Defects in molecular and genetic mechanisms associated with AA ESCC are not well defined due, in part, to its under-representation in epidemiological studies11,12,15. Hence, the biological basis for the lethality and aggressiveness of AA ESCC remains to be fully understood16. In our earlier studies, we conducted the first comparative genomic hybridization (CGH) analysis in AA ESCC that revealed widespread chromosomal imbalances and prominent abnormalities throughout the AA ESCC genome17. We performed gene expression profiling in AA ESCC tumors, which revealed a profound disruption of genes involved in various pathways including stress response and detox pathway, integrin signaling, and protein ubiquitination18. This study identified uniquely impaired biological processes in AA ESCC, which partially overlapped with findings in ESCC patients of Asian origin18.

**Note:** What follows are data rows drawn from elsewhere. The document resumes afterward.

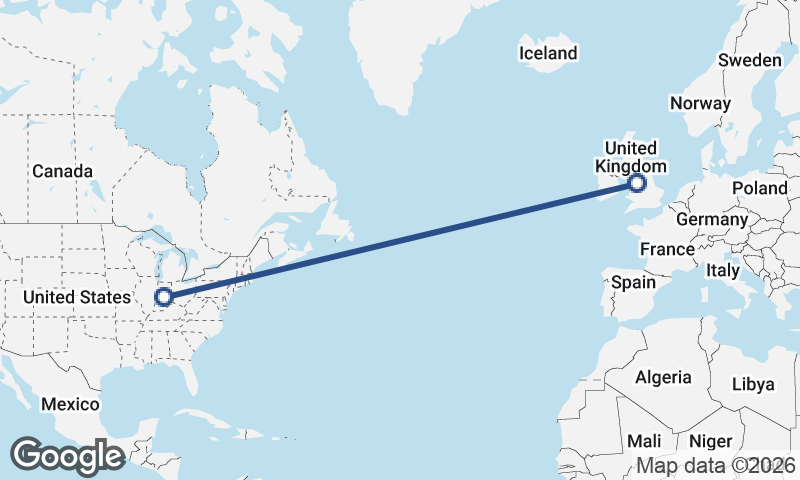 Indianapolis to Liverpool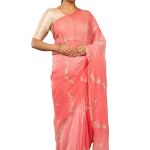 Dusky Pink Chiffon Saree with All-Over Aari Sequin Work | Viscose Chiffon | Jaipurio Shaded Saree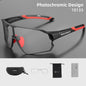 ROCKBROS Photochromic Cycling Glasses UV400 Sunglasses Outdoor Sport Bicycle Eyewear MTB Racing Lightweight Flexible Goggles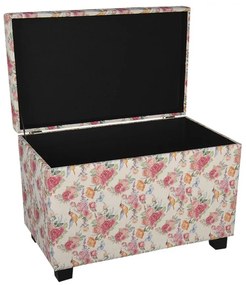 Pouf shabby chic, roz, cu imprimeu floral și păsări, 60x36x43 cm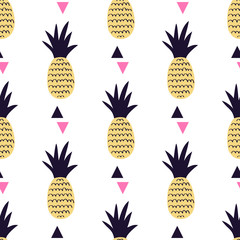 Vector seamless pattern with pineapples and triangles. Cute summer fruit background.
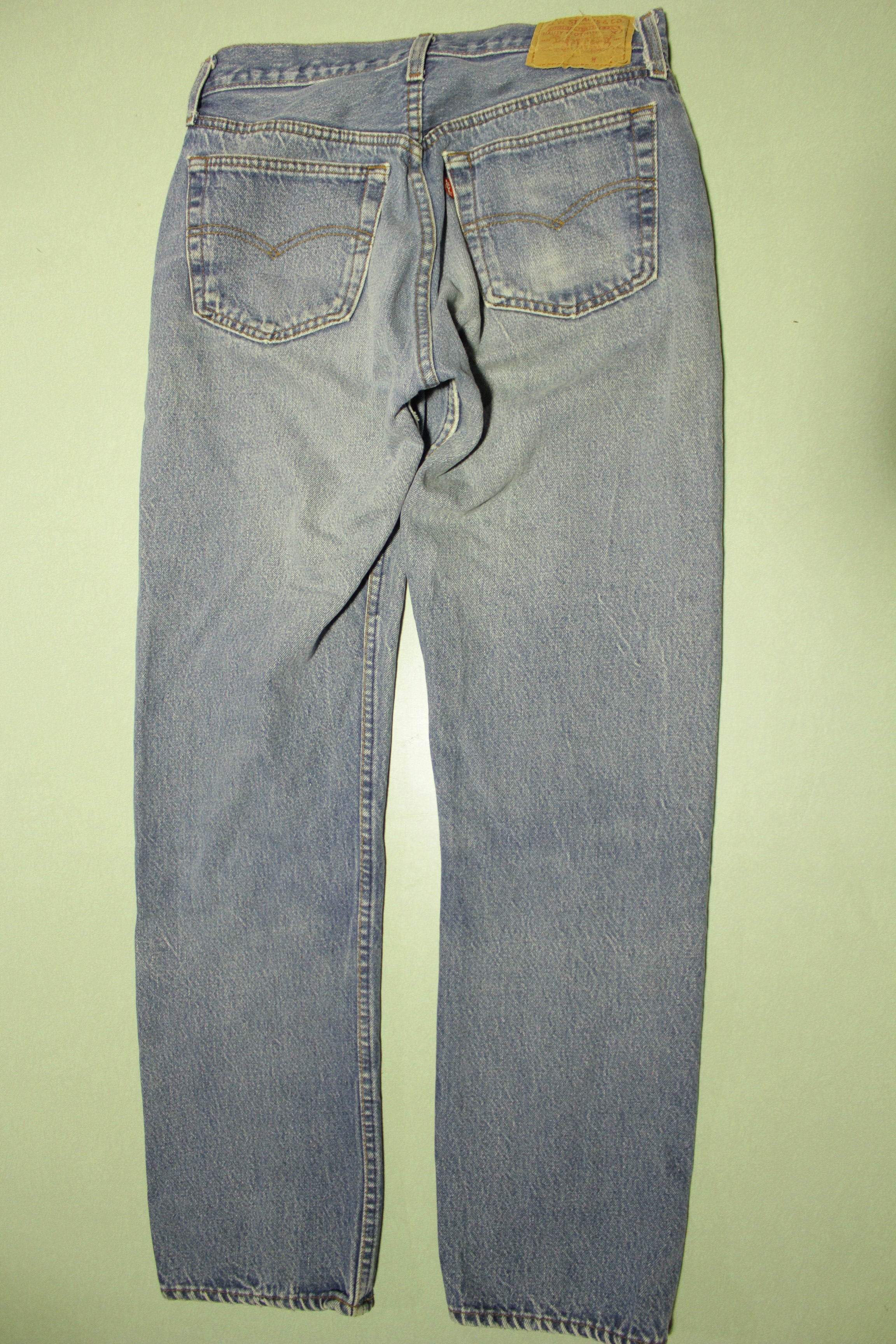 Levis Button Fly 70's 80s Vintage 501 Distressed Blue Denim Jeans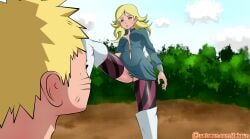 1boy 1boy1girl 1girls bare_thighs belly_button blonde_hair blush boruto:_naruto_next_generations breasts cameltoe clothed clothing delta_(boruto) dominant_female facial_markings female femdom foot_fetish foot_on_face forehead_mark fully_clothed hi_res high_resolution highres jeksun leg_lift leg_up legwear light-skinned_female light-skinned_male light_skin lips lipstick long_fingernails long_nails makeup male male/female nail_polish naruto naruto_(series) naruto_uzumaki one_leg_up outdoors outside painted_nails pale-skinned_female pale-skinned_male pale_skin panties perky_breasts pink_eyes pussy shounen_jump small_breasts standing standing_on_one_leg straight striped_panties submissive_male sweat sweatdrop thighhighs thighs underwear upskirt uzumaki_naruto vagina whisker_markings whiskers yellow_hair yellow_lips yellow_lipstick yellow_nail_polish yellow_nails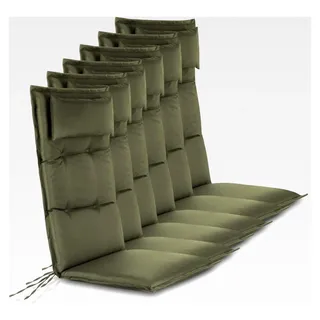 6er-Set Stuhlauflagen für Hochlehner mit Kissen 120x50 cm aus wasserdichtem und pflegeleichtem Outdoor-Material - Gepolsterte Gartenstuhlauflagen für Innen und Außen in Oliv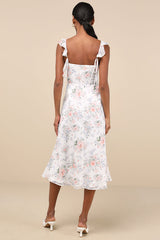 Delightful Direction White Floral Ruffled Tie-Strap Midi Dress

In our current study, we sought to identify somatic mutations in the AA ESCC genome by whole-exome sequencing (WES). We identified two subgroups of ESCC based on tumor mutation burden (TMB) and revealed recurrent novel SCNAs in cancer-related genes. We performed analysis based on COSMIC and detected signatures SBS16 and SBS26 that might contribute to AA ESCC pathogenesis. These deleterious alterations may play a role in the aggressive nature of the disease in the AA population. Further analysis in a larger set of AA ESCC may lead to the identification of AA ESCC specific clinical biomarkers and therapeutic targets.

Result

Whole-exome sequencing reveals a complex mutation profile, and SCNAs in AA ESCC

Whole-exome sequencing was performed on matched normal-tumor samples from 10 AA patients (nine males and one female) with advanced-stage ESCC, with ages ranging from 53 to 80 years (Supplementary Table S1). All patients, except for one, reported tobacco use and alcohol consumption. We employed an analysis pipeline delineated in Supplementary Fig. S1 that involved rigorous quality control (QC) and filtering mechanisms, along with methods described in the Genome Analysis Toolkit (GATK) Best Practices (https://gatk.broadinstitute.org/hc/en-us). Somatic single nucleotide variants (SNVs) and short insertion-deletions (InDels) called by at least two of three variant calling algorithms were filtered by a read-depth of 50 × or higher. This analysis included variant allele frequency (VAF) > 5% and rare variants with < 1% minor allele frequency (MAF) in African population (Supplementary Fig. S1).

We identified predominantly C > T substitution in the majority of the samples (Fig. 1a). Transition to transversion ratio (Ti/Tv) was 2.4 (Fig. 1b). Samples T9 and T15 demonstrated significant C > A transversion (Fig. 1c). Missense mutations (N = 3682) constituted the primary type of alteration in the coding region of tumor samples (Fig. 1d). Nonstop (stop-loss) was rare (N = 23). A median of 270 variants per sample was revealed in our cohort (Fig. 1e) (Supplementary Table S2). Five samples (T1, T6, T5, T7, and T14) displayed a high tumor mutation burden (TMB) referred to as High Mutation Rate (HMR) samples. In each of these samples, nonsynonymous mutations ranged from 377 to 813 (Table 1). In contrast, low TMB or Low Mutation Rate (LMR) was detected in T8, T9, T15, T16, and T19, each sample showed a median of 29 (ranging from 5 to 44) nonsynonymous coding mutations (Table 1).

Figure 1
figure 1

Summary of exome sequencing and tumor mutation burden (TMB). (a) Proportion of somatic substitution types in processed and filtered SNVs. (b) The ratio of somatic transition to transversion of AA ESCC cohort. (c) The proportion of somatic substitution types (C > T, red, T > C, yellow, C > A, blue, C > G, purple, T > G, orange, T > A, green) in each tumor samples. (d) The proportion of mutation types in the samples, missense mutations (green), in frame deletions (yellow), frameshift deletions (blue), in frame insertions (brick red), frameshift insertions (purple), nonsense mutations (bright red), changes in the splice sites (orange), and nonstop mutations (light blue). (e) Number and types of variants found in each sample. (f) The comparison of mutation burden of AA ESCC pilot cohort across TCGA datasets. Our samples are indicated by red rectangle and arrows. Y-axis is the total number of non synonymous mutations found in each tumor sample.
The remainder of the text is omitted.